### Required work
For the data that follows, print the line with "12 McLeod Street, Colac VIC 3250", the line with "Handmade Deep Purple", and all lines between them, exactly as they stand. Omit pictures and add nothing.

### Given records
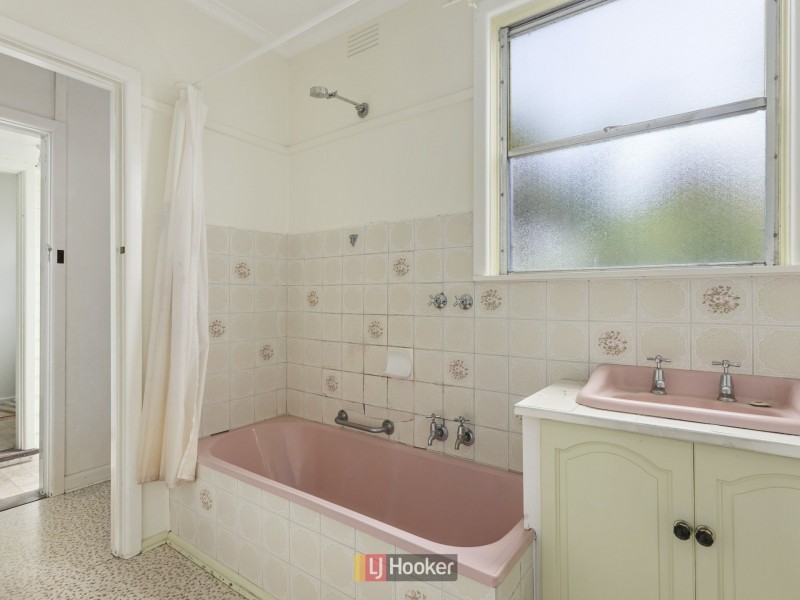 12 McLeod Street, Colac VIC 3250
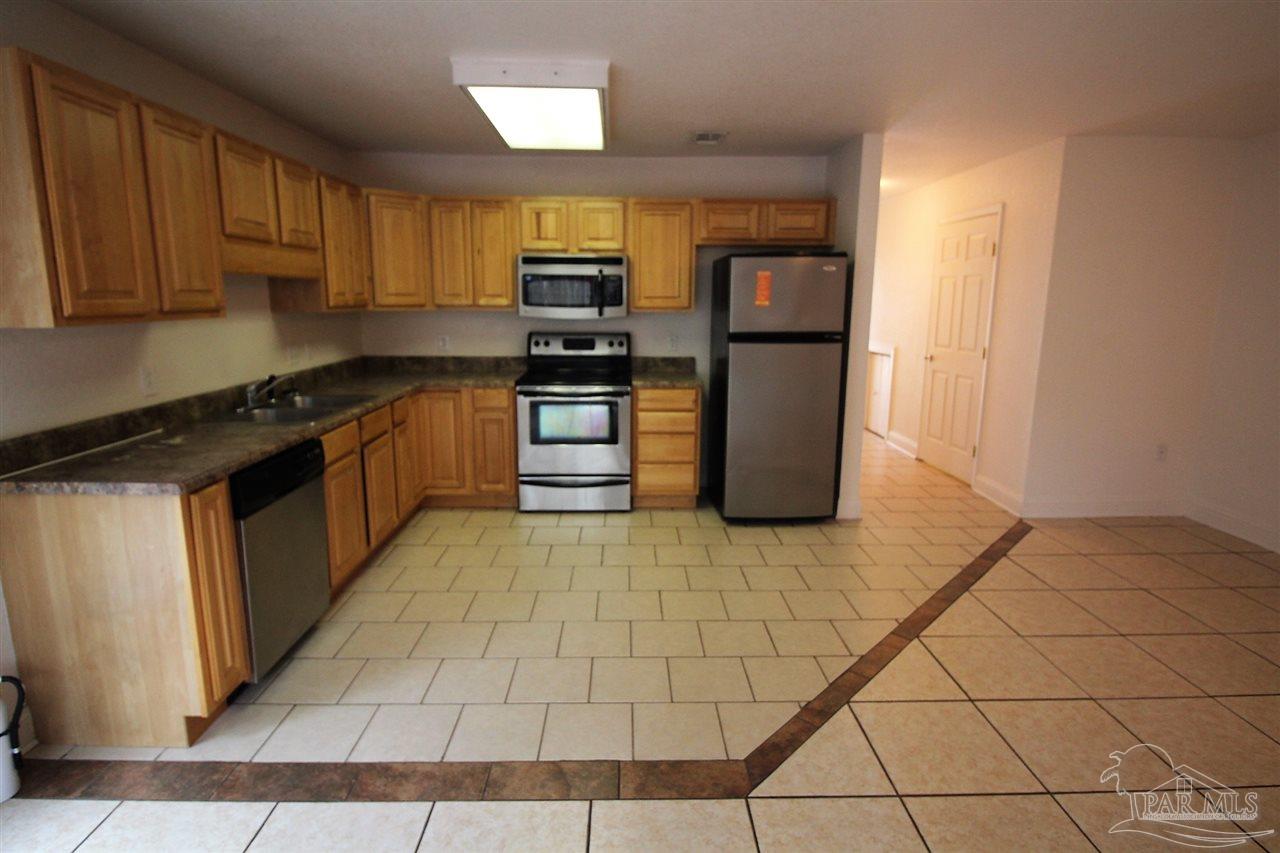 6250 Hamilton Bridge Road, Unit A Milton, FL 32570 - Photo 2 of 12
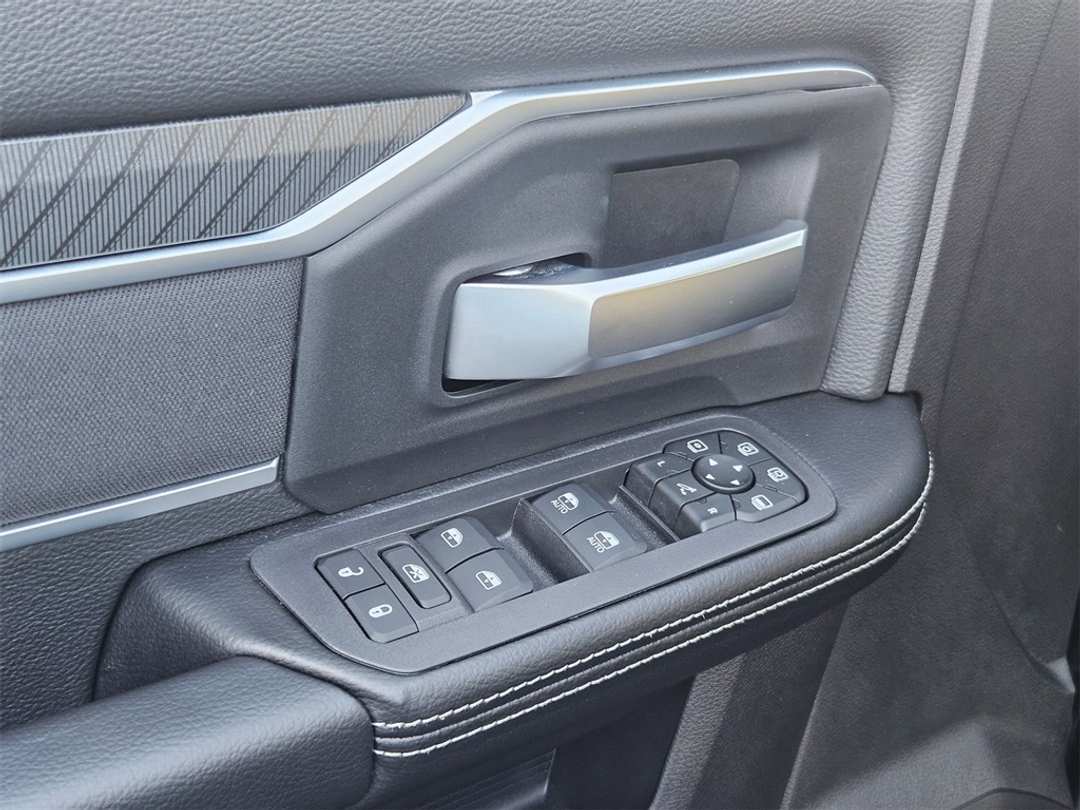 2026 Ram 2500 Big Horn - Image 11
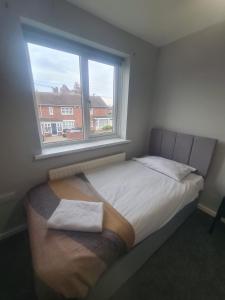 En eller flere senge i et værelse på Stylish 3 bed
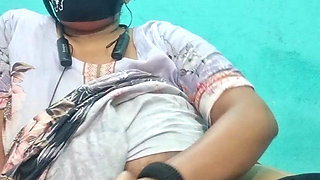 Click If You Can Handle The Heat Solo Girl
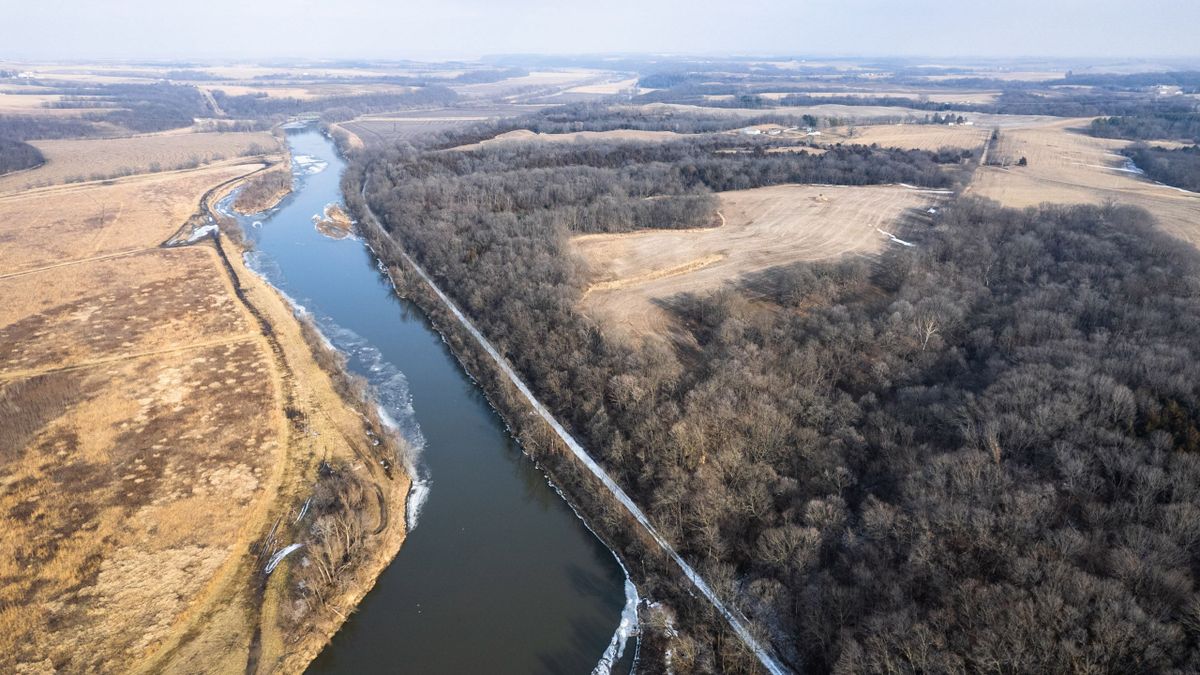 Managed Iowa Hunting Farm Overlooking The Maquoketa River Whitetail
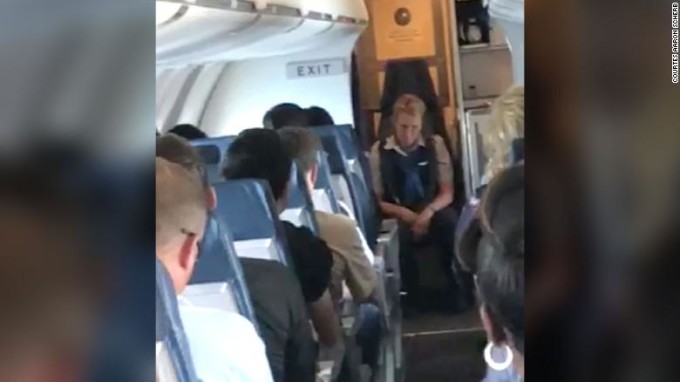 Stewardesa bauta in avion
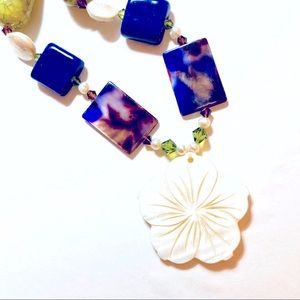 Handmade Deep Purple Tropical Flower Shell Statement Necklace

---

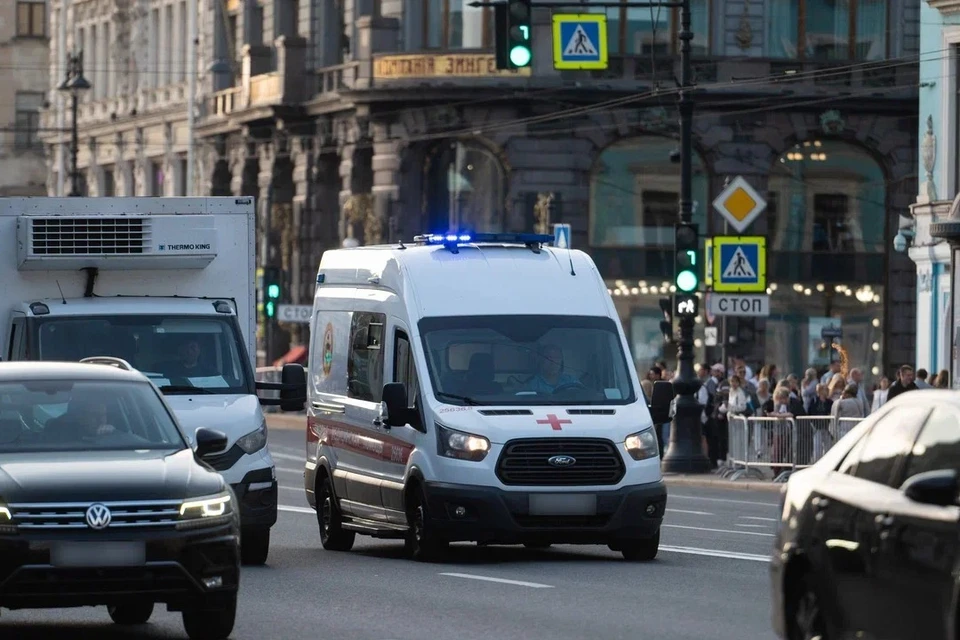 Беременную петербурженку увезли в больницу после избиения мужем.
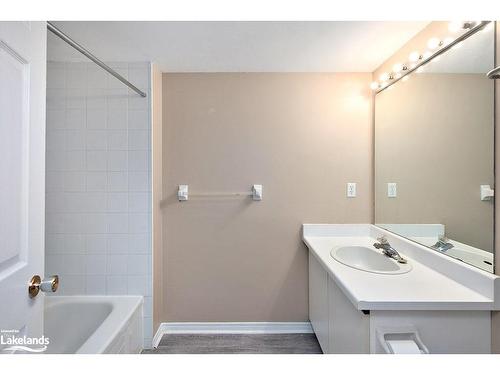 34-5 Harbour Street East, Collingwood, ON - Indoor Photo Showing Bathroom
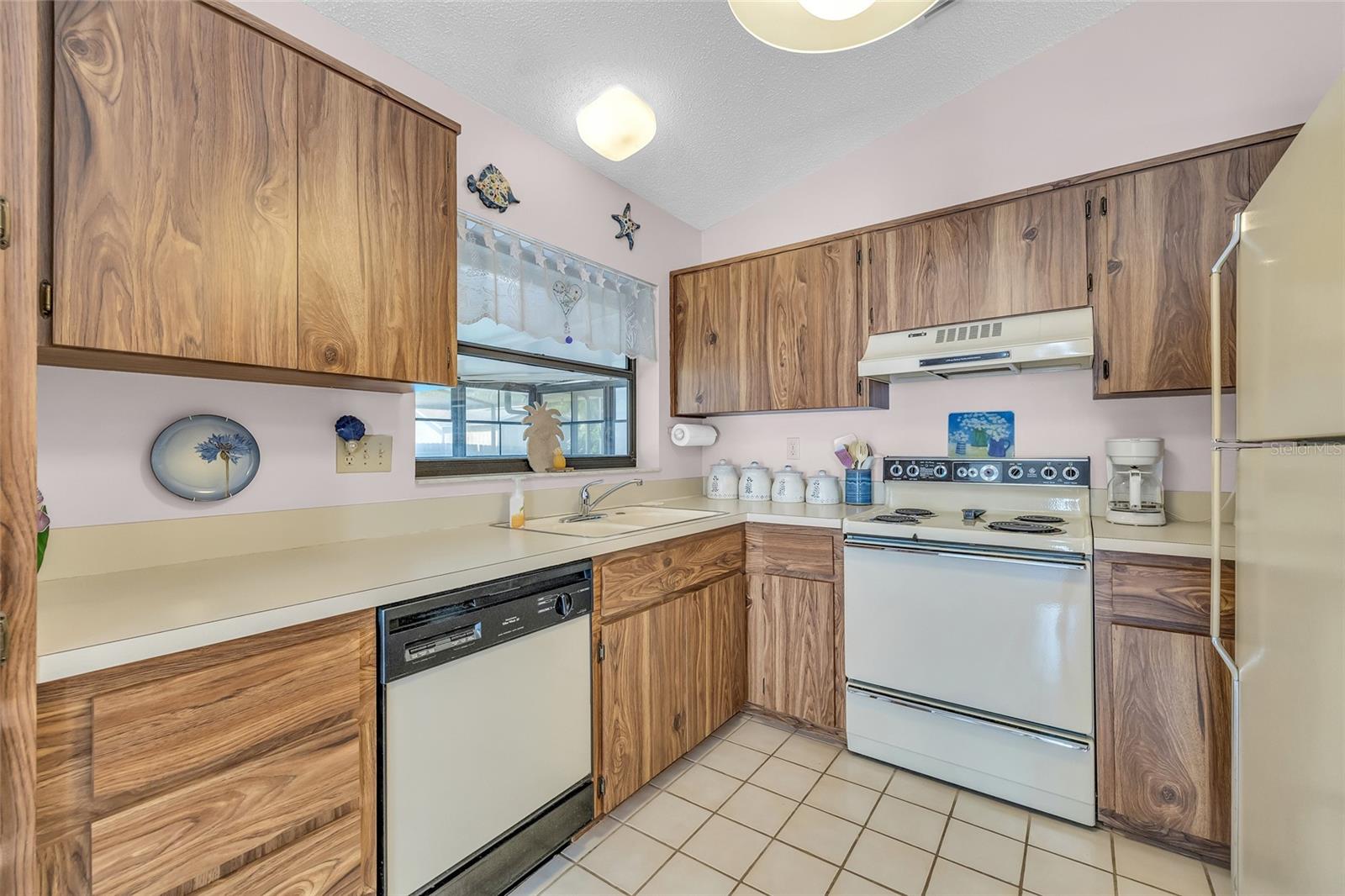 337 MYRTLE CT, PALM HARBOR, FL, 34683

* * *

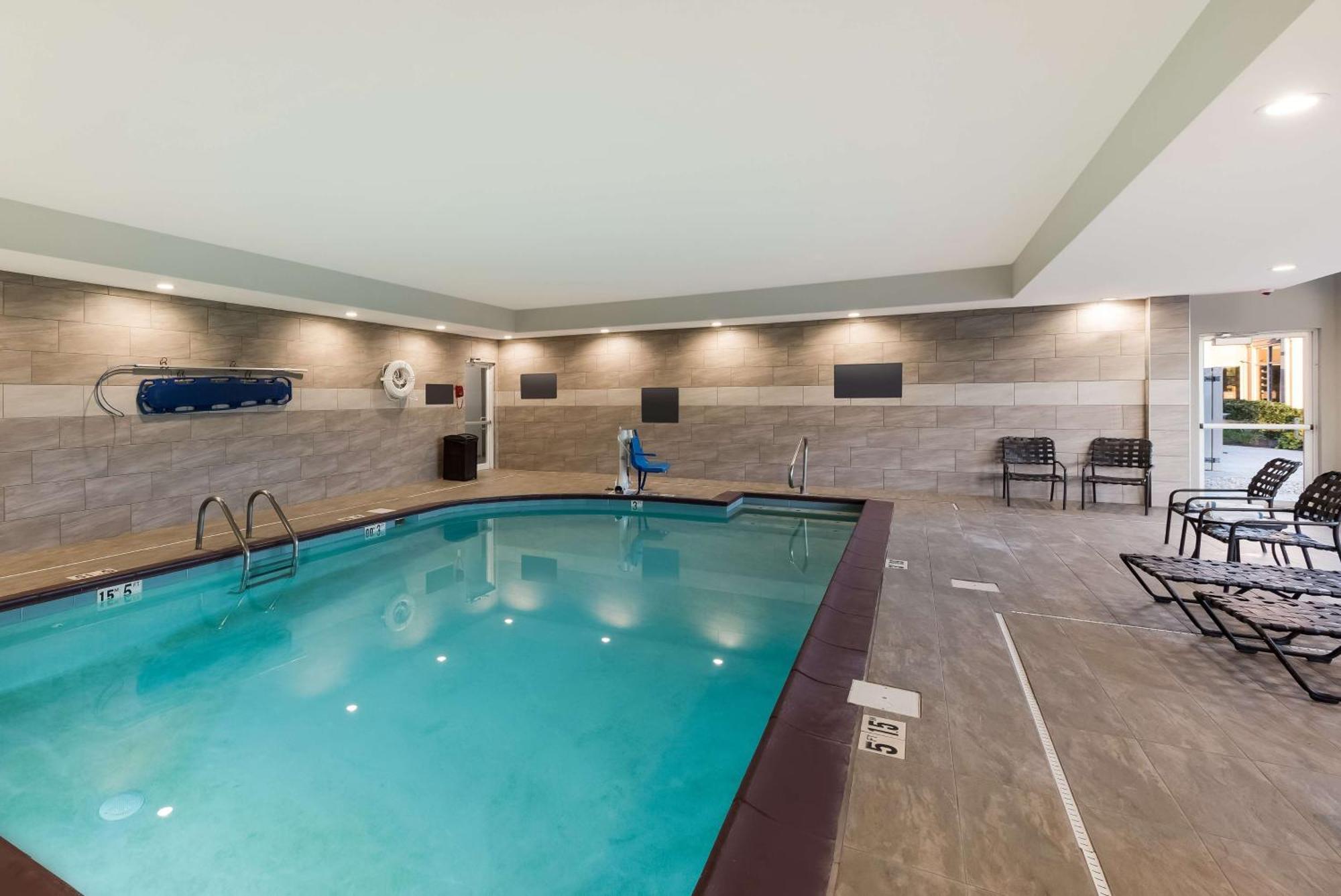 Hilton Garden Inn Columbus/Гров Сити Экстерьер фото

### Response to the exercise
 12 McLeod Street, Colac VIC 3250
 6250 Hamilton Bridge Road, Unit A Milton, FL 32570 - Photo 2 of 12
 2026 Ram 2500 Big Horn - Image 11
 En eller flere senge i et værelse på Stylish 3 bed
 Click If You Can Handle The Heat Solo Girl
 Managed Iowa Hunting Farm Overlooking The Maquoketa River Whitetail
 Stewardesa bauta in avion
 Handmade Deep Purple Tropical Flower Shell Statement Necklace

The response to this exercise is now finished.